Petitioner says that it is an organization which has, and includes, congregations of worshippers who actually conduct religious services and is therefore a "church" as that term is unambiguously defined in the above-cited regulations. The Postal Service does not deny that Petitioner meets that definition but disputes Petitioner's conclusion that it is, therefore, a "church" on the ground that the conduct of worship services by congregations of worshippers is not the sole test for qualification under DMM § 423.212(d). A summary of Respondent's involved argument for concluding that Petitioner is not a church is set forth at pages 22 and 23 of its Brief as follows:
1) The religion clauses of the United States Constitution require that a statute or regulation have a secular purpose, not favor or disfavor religion, and not foster entanglement of government in religious affairs.

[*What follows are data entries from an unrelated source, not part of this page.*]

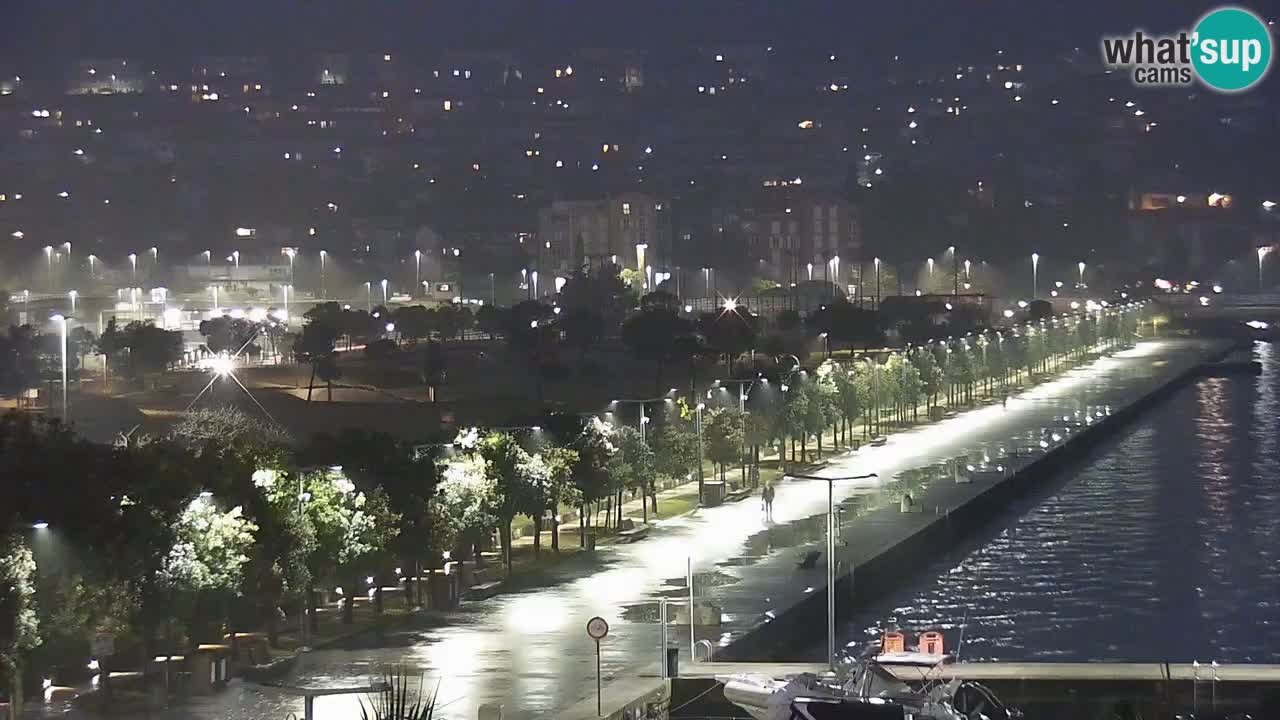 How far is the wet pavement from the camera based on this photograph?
1584 cm

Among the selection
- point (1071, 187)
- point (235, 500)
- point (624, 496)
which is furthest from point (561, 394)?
point (1071, 187)

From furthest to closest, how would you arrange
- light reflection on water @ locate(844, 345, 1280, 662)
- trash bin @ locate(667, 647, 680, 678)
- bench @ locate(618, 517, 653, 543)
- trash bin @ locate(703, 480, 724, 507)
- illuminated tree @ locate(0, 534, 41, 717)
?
1. trash bin @ locate(703, 480, 724, 507)
2. bench @ locate(618, 517, 653, 543)
3. light reflection on water @ locate(844, 345, 1280, 662)
4. trash bin @ locate(667, 647, 680, 678)
5. illuminated tree @ locate(0, 534, 41, 717)

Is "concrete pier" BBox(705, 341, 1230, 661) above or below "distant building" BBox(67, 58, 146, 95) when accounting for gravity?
below

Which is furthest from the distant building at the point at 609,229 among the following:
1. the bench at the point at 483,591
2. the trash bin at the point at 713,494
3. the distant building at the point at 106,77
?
the bench at the point at 483,591

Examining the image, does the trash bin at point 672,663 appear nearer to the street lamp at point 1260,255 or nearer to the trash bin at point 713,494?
the trash bin at point 713,494

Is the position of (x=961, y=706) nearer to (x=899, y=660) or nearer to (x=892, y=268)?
(x=899, y=660)

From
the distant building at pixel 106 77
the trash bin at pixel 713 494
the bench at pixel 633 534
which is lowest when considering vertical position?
the bench at pixel 633 534

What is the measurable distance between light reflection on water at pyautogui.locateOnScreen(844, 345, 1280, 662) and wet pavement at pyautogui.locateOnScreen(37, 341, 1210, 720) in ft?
3.41

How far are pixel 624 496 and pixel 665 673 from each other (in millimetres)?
15866

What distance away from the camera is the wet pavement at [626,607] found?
1584 cm

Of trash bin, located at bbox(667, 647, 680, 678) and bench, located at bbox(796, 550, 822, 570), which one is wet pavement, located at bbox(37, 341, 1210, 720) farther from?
trash bin, located at bbox(667, 647, 680, 678)

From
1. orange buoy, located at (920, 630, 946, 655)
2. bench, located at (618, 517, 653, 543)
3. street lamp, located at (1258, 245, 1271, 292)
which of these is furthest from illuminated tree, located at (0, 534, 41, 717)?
street lamp, located at (1258, 245, 1271, 292)

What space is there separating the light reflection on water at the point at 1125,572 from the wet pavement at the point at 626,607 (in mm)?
1039

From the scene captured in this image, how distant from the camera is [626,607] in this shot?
67.2 feet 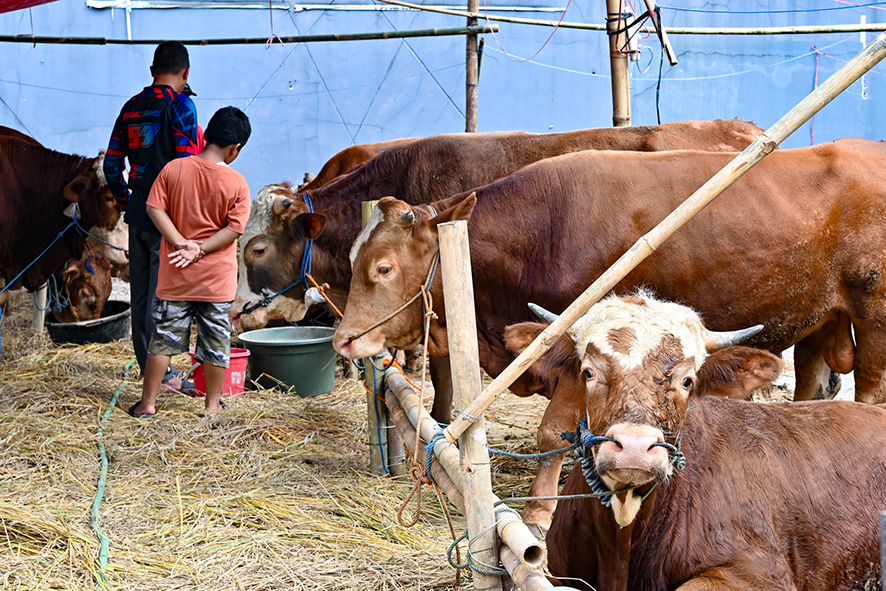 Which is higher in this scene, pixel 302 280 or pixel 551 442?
pixel 302 280

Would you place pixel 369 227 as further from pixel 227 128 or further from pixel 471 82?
pixel 471 82

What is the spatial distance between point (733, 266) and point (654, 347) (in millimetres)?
2074

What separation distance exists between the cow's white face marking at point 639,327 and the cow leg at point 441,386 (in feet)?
8.03

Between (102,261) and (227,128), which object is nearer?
(227,128)

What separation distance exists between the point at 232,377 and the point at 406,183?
5.99 ft

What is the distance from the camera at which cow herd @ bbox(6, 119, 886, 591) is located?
2637mm

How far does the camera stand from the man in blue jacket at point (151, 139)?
5531mm

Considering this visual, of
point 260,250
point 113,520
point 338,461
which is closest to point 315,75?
point 260,250

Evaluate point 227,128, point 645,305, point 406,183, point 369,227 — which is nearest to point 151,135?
point 227,128

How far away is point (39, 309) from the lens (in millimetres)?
7277

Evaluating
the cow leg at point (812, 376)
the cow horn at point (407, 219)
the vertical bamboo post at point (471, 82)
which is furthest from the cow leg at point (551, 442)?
the vertical bamboo post at point (471, 82)

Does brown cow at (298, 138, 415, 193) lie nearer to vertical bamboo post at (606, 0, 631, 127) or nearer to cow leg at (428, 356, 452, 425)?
vertical bamboo post at (606, 0, 631, 127)

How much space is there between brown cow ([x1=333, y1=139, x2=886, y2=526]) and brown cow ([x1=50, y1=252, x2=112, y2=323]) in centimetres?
388

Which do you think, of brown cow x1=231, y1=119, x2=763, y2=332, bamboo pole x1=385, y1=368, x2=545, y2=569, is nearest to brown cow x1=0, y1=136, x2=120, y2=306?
brown cow x1=231, y1=119, x2=763, y2=332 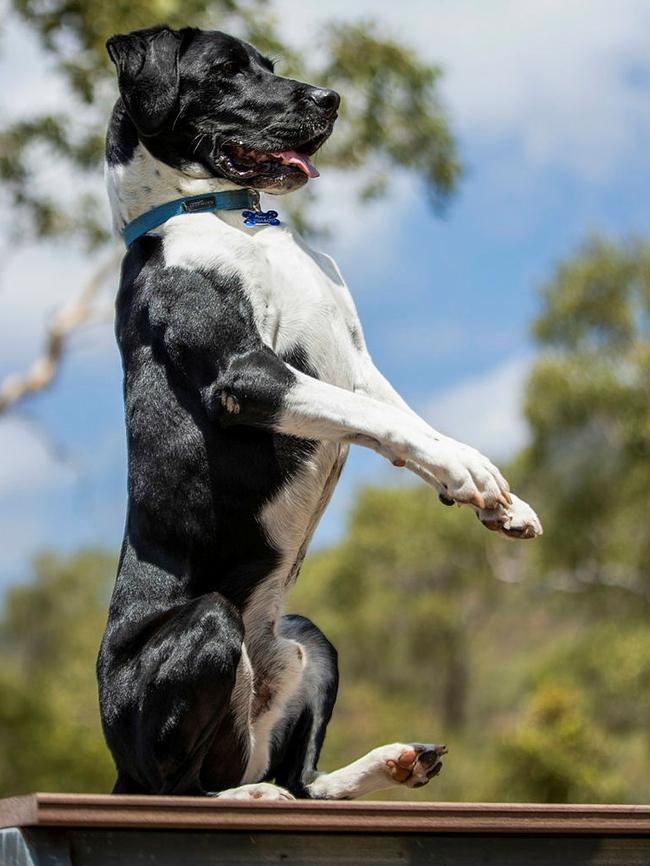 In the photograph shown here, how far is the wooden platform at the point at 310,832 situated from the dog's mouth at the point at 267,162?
152 cm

2) DMM § 423.212(d), which on its face favors religious organizations over non-religious ones, to be constitutional must be interpreted so that it does not extend a benefit to religious organizations not also available to atheistic ones and so that it does not foster government entanglement in religion.
3) The legislative history of the statutory forebear of DMM 423.212(d), 39 U.S.C. § 4355(a)(9), shows that it was enacted to meet an administrative problem encountered by local churches, specifically, the need to keep records demonstrating compliance with the paid subscriber rule when compliance with that rule could be assumed from the church's organization and operation. Moreover, all religious organizations do not share this administrative problem, so they do not all qualify under DMM § 423.212(d).

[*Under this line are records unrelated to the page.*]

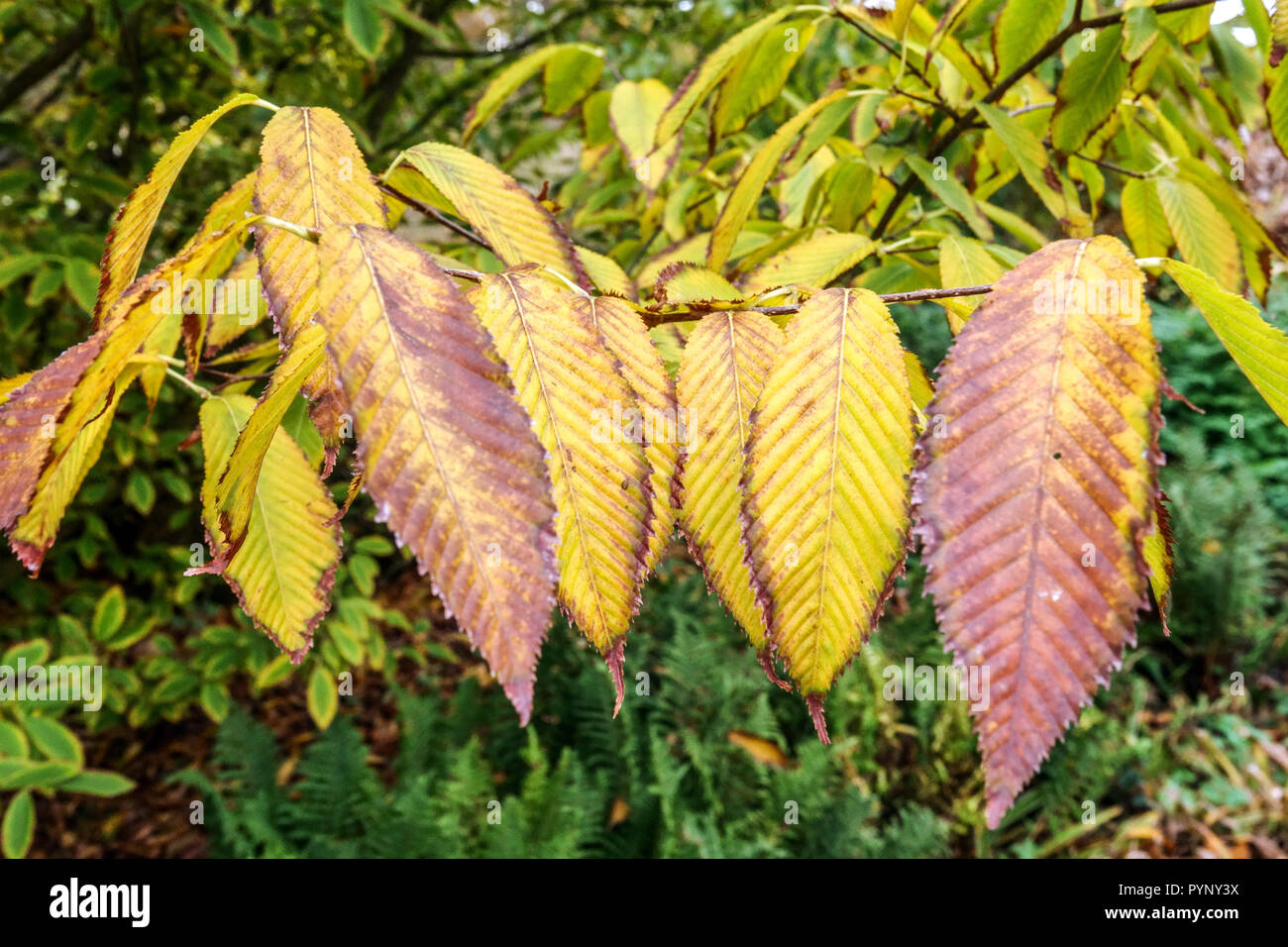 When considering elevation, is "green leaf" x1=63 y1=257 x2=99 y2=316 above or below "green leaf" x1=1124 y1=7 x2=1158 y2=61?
above

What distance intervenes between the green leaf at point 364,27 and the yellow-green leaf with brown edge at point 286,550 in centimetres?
115

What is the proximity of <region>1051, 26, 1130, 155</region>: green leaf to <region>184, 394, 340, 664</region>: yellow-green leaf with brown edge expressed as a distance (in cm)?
78

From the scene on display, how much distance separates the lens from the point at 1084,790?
251 centimetres

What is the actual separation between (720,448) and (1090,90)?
639 millimetres

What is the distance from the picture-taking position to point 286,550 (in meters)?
0.62

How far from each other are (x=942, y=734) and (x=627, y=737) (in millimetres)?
1018

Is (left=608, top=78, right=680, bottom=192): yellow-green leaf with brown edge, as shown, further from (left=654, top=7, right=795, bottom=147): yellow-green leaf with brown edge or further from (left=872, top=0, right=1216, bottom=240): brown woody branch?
(left=872, top=0, right=1216, bottom=240): brown woody branch

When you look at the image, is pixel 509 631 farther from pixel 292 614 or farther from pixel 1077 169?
pixel 1077 169

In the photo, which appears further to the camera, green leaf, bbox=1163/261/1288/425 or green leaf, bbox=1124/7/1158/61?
green leaf, bbox=1124/7/1158/61

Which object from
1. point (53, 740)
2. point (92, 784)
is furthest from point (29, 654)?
point (92, 784)

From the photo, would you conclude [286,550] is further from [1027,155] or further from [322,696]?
[322,696]

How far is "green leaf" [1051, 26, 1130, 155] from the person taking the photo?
788mm

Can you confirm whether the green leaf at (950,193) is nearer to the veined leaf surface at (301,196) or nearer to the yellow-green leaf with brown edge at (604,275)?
the yellow-green leaf with brown edge at (604,275)

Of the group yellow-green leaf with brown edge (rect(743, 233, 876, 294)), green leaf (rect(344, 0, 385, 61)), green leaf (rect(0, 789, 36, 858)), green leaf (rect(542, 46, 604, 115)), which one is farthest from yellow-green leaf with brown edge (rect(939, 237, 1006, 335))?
green leaf (rect(0, 789, 36, 858)) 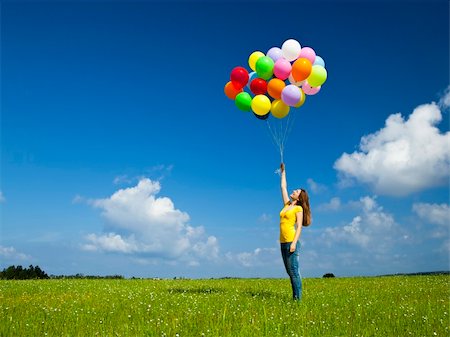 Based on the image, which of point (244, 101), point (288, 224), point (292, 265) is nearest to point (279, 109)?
point (244, 101)

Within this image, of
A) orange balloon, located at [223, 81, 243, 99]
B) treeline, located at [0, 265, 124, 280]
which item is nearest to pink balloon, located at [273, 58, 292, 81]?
orange balloon, located at [223, 81, 243, 99]

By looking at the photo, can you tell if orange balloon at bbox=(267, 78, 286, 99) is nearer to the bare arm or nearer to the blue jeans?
the bare arm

4) Petitioner is neither organized nor operated like a local church. Specifically, its religious leadership is substantially uninvolved with local meetings, or worship services; any church ordinances they have assisted in the ministration of were not co-located with those local meetings; and there is no indication that Petitioner appoints ministers or other staff associated with local churches. Additionally, Petitioner's Articles of Incorporation show it was organized for general religious and evangelical purposes, rather than to operate a local church. Petitioner's Articles of Incorporation are consistent with its operation since Petitioner urges, in its Doctrinal Statement, its supporters also to join local churches that are not part of the organization and operation of Petitioner. Thus, Petitioner's local meetings are so incidental to its overall organization and operation, that without violating the entanglement prong of the Lemon test, the Postal Service would be unable to deny any religious organization from qualifying under DMM § 423.212(d) if Petitioner were found to be qualified. The fact that substantially all of the circulation of Zion's Fire is not distributed to individuals whose support for an interest in receiving that publication can be assumed by reason of Petitioner's organization and operation further supports the conclusion that Petitioner is not organized and operated like a local church.
5) Whether viewed in terms of the organization and operation of candidate organization, or solely in terms of the underlying facts, decisions applying DMM § 423.212(d) and its forebears to other religious organizations support the conclusion that Petitioner does not qualify as a "church" under DMM § 423.212(d).
CONCLUSIONS OF LAW
Domestic Mail Manual 423.212(d) contains a clear, unambiguous definition of the term "church." Respondent concedes that Petitioner meets the literal definition (Initial Brief, p. 13, ¶ 20) but by raising constitutional problems with the application of that definition and implicating the legislative history of a predecessor statute which failed to define "church" would, in effect, amend the definition by requiring an applicant to meet additional tests to demonstrate that it is organized and operated in a manner similar to local churches.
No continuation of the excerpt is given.